In its petition, the New England Teamsters and Trucking Industry Pension Fund said the appellate court’s decision reversing the district court’s finding of a partnership-in-fact is based on its “reluctance” to impose withdrawal liability for private equity funds and provides “a blueprint for such funds to escape withdrawal liability while securing virtually risk-free investments in portfolio companies with known, unfunded pension liability.” The pension fund says the decision limits recovery of withdrawal liability by multiemployer pension funds.

New England Teamsters argues that the 1st Circuit decision failed to follow the totality of the circumstances test outlined by the Supreme Court in Commissioner v. Culbertson (1949), which the fund says, “is the seminal case in determining whether a partnership exists.” The fund says the appellate court’s analysis under Luna v. Commissioner, a 1964 Tax Court case, is narrower. “By limiting its analysis to the ‘Luna factors,’ the decision ignores the facts that throw light on the ‘true intent’ of the parties, specifically the undisputed fact that all of the entities in question were controlled by the same two men,” the petition says. “As the sole members of the limited partner committees, [the two men] made all of the decisions (both before and after the purchase of SBI), while hiding behind the guise of an LLC.”
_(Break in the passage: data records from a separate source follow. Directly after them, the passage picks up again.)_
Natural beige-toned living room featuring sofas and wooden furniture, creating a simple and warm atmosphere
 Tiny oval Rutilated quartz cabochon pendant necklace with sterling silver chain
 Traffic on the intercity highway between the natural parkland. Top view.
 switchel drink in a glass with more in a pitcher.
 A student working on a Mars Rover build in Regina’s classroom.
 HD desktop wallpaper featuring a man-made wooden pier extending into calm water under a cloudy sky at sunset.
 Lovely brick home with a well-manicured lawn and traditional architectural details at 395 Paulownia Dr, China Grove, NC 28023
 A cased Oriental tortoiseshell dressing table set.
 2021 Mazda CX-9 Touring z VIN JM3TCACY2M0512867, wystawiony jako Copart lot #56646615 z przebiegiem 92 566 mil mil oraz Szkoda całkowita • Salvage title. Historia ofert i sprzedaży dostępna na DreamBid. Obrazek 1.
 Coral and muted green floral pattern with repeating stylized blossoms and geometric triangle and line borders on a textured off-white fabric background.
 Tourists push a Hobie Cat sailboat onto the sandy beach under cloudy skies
In addition, New England Teamsters says the 1st Circuit’s analysis is informed by a misstatement of the purpose of ERISA and the MPPAA. “It finds without justification that a principal purpose of the statute is ‘to encourage the private sector to invest in, or assume control of, struggling companies with pension plans.’ Citing this misstatement, it seeks authorization from Congress and the Pension Benefit Guaranty Corporation (PBGC) which reaches beyond what is provided in the current statute in order to hold private equity funds liable for withdrawal liability,” the petition says.

The pension fund argues that this is at odds with the purpose of the MPPAA acknowledged by the Supreme Court—to protect multiemployer plans from the financial burdens that result when one employer withdraws from a multiemployer plan without first funding its uncovered liabilities.

“In essence, it has created a judicial exemption to withdrawal liability that shields private equity firms,” the petition says.

The case is important as more private equity funds do acquisitions in industries where multiemployer plans are common, according to John Lowell, Atlanta-based actuary and partner with October Three Consulting LLC.